### Extracted information
---------------

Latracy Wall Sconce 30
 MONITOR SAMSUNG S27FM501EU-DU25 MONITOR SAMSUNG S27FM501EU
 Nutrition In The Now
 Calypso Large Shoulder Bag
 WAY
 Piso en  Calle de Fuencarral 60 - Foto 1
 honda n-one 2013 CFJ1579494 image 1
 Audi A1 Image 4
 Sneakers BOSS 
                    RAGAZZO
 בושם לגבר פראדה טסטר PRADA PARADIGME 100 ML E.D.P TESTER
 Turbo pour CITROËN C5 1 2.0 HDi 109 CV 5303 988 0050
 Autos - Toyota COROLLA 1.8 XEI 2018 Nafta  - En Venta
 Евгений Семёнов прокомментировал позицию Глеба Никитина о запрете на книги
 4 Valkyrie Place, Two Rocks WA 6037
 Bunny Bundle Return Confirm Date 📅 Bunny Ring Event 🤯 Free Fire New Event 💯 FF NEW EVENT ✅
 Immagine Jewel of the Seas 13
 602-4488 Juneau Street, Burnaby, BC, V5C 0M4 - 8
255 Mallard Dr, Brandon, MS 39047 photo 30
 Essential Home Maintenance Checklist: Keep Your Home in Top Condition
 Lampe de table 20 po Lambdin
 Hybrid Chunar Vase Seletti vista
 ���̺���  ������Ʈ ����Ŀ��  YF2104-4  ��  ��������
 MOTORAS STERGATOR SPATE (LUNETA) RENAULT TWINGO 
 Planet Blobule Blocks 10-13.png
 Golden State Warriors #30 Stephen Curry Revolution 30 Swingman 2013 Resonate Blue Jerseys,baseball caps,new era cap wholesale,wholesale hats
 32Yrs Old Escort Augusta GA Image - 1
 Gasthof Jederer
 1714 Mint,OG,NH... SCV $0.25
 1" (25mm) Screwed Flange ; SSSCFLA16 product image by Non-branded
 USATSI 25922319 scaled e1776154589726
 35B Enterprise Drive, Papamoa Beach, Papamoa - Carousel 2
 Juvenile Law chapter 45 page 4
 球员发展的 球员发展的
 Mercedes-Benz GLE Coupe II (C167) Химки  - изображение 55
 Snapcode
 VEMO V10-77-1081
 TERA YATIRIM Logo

---------------

Your task is to restate, word for word, the lines from the beginning of the records to the line with "בושם לגבר פראדה", inclusive.

Latracy Wall Sconce 30
 MONITOR SAMSUNG S27FM501EU-DU25 MONITOR SAMSUNG S27FM501EU
 Nutrition In The Now
 Calypso Large Shoulder Bag
 WAY
 Piso en  Calle de Fuencarral 60 - Foto 1
 honda n-one 2013 CFJ1579494 image 1
 Audi A1 Image 4
 Sneakers BOSS 
                    RAGAZZO
 בושם לגבר פראדה טסטר PRADA PARADIGME 100 ML E.D.P TESTER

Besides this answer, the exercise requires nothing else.